# Best way to upgrade installed programs



## jonfr (Oct 22, 2013)

What is the best way to upgrade installed programs in FreeBSD? I have been looking into this for some time now but I am not yet sure what I need to run so that I can upgrade installed programs when needed.

Thanks for the help.


----------



## SirDice (Oct 22, 2013)

Start here: [thread=26140]HOWTO: keeping FreeBSD's base system and packages up-to-date[/thread]


----------



## jonfr (Oct 22, 2013)

Thanks. I am looking into that guide now. When I was checking packages I found this issue. It seems that I have both mysql-5.5.32 and mysql-5.5.34 installed at the same time. Yet I cannot remove mysql-5.5.32. I get this error after I use `make deinstall`.


```
root@saturn:/usr/ports/databases/mysql55-server # make install clean
===>  Installing for mysql55-server-5.5.34
===>   mysql55-server-5.5.34 depends on shared library: mysqlclient.18 - found
===>   Generating temporary packing list
===>  Checking if databases/mysql55-server already installed
===>   An older version of databases/mysql55-server is already installed (mysql-server-5.5.32)
      You may wish to ``make deinstall'' and install this port again
      by ``make reinstall'' to upgrade it properly.
      If you really wish to overwrite the old port of databases/mysql55-server
      without deleting it first, set the variable "FORCE_PKG_REGISTER"
      in your environment or the "make install" command line.
*** [check-already-installed] Error code 1

Stop in /usr/ports/databases/mysql55-server.
*** [install] Error code 1

Stop in /usr/ports/databases/mysql55-server.
```


----------



## laufdi (Oct 22, 2013)

`pkg_delete mysql-5.5.32`, probably with `-f`.


----------



## ShelLuser (Oct 22, 2013)

This requires some great care.

First start by checking which ports depend on the MySQL version which you want to remove, you'll need the -R option for this: `# pkg_info -R mysql-5.5.32`.

If no ports depend on this you're home free; just remove it by forcing it's removal as shown above. Otherwise you need a different approach because you might risk breaking dependencies, and that is a bad thing.

In that case I'd suggest to use ports-mgmt/portmaster which can resolve this for you.

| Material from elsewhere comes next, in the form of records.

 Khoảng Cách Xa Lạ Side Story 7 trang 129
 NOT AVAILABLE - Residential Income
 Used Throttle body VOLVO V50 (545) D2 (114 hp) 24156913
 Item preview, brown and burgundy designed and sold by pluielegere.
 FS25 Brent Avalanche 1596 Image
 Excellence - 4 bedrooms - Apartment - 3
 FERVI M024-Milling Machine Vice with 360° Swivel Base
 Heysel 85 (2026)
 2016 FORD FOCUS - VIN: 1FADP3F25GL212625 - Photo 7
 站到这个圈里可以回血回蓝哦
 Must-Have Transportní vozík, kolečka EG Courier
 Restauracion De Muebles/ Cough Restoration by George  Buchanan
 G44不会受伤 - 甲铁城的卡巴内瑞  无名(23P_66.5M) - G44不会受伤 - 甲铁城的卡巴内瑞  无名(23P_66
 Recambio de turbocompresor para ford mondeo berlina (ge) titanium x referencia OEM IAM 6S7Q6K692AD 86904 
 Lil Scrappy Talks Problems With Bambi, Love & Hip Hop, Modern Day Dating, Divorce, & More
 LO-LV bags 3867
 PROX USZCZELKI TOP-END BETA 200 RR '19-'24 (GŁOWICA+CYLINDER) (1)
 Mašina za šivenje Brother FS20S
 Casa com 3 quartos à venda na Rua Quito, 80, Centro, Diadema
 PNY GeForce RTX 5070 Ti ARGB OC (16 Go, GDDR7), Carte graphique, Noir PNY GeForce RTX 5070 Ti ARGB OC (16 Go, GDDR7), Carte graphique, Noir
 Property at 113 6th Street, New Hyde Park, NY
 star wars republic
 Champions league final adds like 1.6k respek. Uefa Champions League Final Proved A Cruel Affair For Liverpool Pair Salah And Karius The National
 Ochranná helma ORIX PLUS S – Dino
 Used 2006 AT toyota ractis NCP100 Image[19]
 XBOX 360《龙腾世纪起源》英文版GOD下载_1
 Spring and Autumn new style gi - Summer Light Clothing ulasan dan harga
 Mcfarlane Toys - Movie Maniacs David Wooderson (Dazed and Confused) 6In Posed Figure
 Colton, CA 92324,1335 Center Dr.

One possible complication; normally you'd use the -o parameter to tell portmaster that it needs to replace one port with the other (while making sure dependencies are met). In this case that will become a bit harder because both ports are already installed.

I guess I'd also try to force-remove the old version, then use `portmaster --check-depends` to get a good idea of the damage, optionally re-installing the ports which now have broken dependencies.


----------



## jonfr (Oct 22, 2013)

Thanks. I removed that version. But now I want to move to mysql-5.6. I have installed mysql-5.6 but mysql-5.5.33 is always pulled even if I have newer version installed.


```
pkg_delete mysql-client-5.5.33
pkg_delete: package 'mysql-client-5.5.33' is required by these other packages
and may not be deinstalled:
apache24-2.4.6
apr-1.4.8.1.5.2
mysql-server-5.5.33
net-snmp-5.7.2_3
ntp-4.2.6p5_2
p5-DBD-mysql55-4.023
pecl-pdflib-2.1.10
php55-5.5.0
php55-bz2-5.5.0
php55-calendar-5.5.0
php55-ctype-5.5.0
php55-curl-5.5.0
php55-dom-5.5.0
php55-exif-5.5.0
php55-extensions-1.7
php55-fileinfo-5.5.0
php55-filter-5.5.0
php55-ftp-5.5.0
php55-gd-5.5.0
php55-gettext-5.5.0
php55-hash-5.5.0
php55-iconv-5.5.0
php55-json-5.5.0
php55-mcrypt-5.5.0
php55-mysql-5.5.0
php55-mysqli-5.5.0
php55-openssl-5.5.0
php55-pdo-5.5.0
php55-pdo_sqlite-5.5.0
php55-phar-5.5.0
php55-posix-5.5.0
php55-session-5.5.0
php55-simplexml-5.5.0
php55-snmp-5.5.0
php55-sqlite3-5.5.0
php55-tokenizer-5.5.0
php55-xml-5.5.0
php55-xmlreader-5.5.0
php55-xmlwriter-5.5.0
php55-zip-5.5.0
php55-zlib-5.5.0
```

I am wondering if I can use the upgrade information in this post here for this issue. It is important for me to keep the system in order so it works properly.

Thanks for the help.


----------



## jonfr (Oct 22, 2013)

I clearly have some issues with installed ports on my system. It's my fault, but I want to clean up any duplicates that are installed. I appear to have two versions of mrtg installed.


```
pkgdb -F
--->  Checking the package registry database
[Updating the pkgdb <format:bdb_btree> in /var/db/pkg ... - 187 packages found (-1 +4) (...).... done]
Duplicated origin: net-mgmt/mrtg - mrtg-2.17.4_3,1 mrtg-2.17.4_4,1
Unregister any of them? [no] no
```

How do I fix this issues?

Thanks for the help.


----------



## wblock@ (Oct 22, 2013)

In many cases, two different versions of a port will install to the same place.  To fix that, both must be deinstalled (errors will be shown due to overwritten files) and then the right one alone installed.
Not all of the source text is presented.